Zimbabwe: Zesa Prepaid Meter Switch Over Will Ensure Viability

3 September 2024
editorial

Industry, mining and commerce owe Zesa via its ZETDC distribution subsidiary around ZiG4,2 billion, 74 percent of the total ZiG5,7 billion owed, with householders and small businesses owing just one percent of that total, less than ZiG57 million.

The reason for the vast difference is that almost all householders and small businesses no longer have the option to owe Zesa anything, they have been switched over to the pre-paid energy meters and if they want electricity they pay for it up front.

The business arrangement has been switched over, and Zesa only supplies these customers if it, in effect, owes them money.

That switchover eradicated a large chunk of the Zesa debt, that owed by households, and dramatically reduced its administrative costs, as it no longer needed meter readers, estimators and people to print and dispatch bills.

Staff could be concentrated in the technical sections, to maintain and repair the system, and even those technicians who once went out to cut someone's supply because they owed Zesa too much are now working to restore supplies after a fault.

In theory, Zesa could just cut supplies to a major mine or factory that owed money beyond the deadline, but there are complications including the public service of needing to keep the productive sectors of the economy producing.

But if there were no debts, and if everyone paid in advance, then Zesa would have major options, such as importing power. Mozambique has a surplus at present and is willing to sell, but needs to be paid.

So with the Kariba South station operating at a little more than a quarter its maximum because of the severe drought, Zesa has to fill the gap with load shedding, and regrettably it is the customers who pay, the households and small businesses, who are shed, not the large factories and mines that owe money. This is unfair.
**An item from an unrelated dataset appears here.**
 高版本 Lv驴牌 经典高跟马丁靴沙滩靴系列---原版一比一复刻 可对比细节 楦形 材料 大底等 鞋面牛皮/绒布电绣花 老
The medium and large scale industrial, mining and commercial users were not switched to pre-paid meters because of their more complex tariffs.

They need first a more complex meter, and Zesa needs a special sort of meter for pre-paid systems. But these "smart meters" do exist and the initial cost of installing them will soon be covered by the huge advantages of having no one owing Zesa money.

Domestic and small business consumers buy electrical energy at a constant price. So their meters measure units. There is a sort of cross-subsidy in place, with small cheaper bands at the bottom end of each month's purchase, paid for from a lightly surcharged cost on all units over a certain amount, meaning that those in mansions subsidise, at a very small cost, those in small houses and flats.

But as a business grows it moves into a range of more complex tariffs that start including power, as well as energy, until the very largest consumers are basically paying for power, the maximum demand they hit each month.

There are many good reasons for this mix of power and energy components, the main one being that new capital development, the new power stations and other heavy duty infrastructure, is largely the result of the peak power demand, and that is almost a direct result of what heavy industry, mining and large-commercial enterprises drive. So their tariffs need to cover the new capital.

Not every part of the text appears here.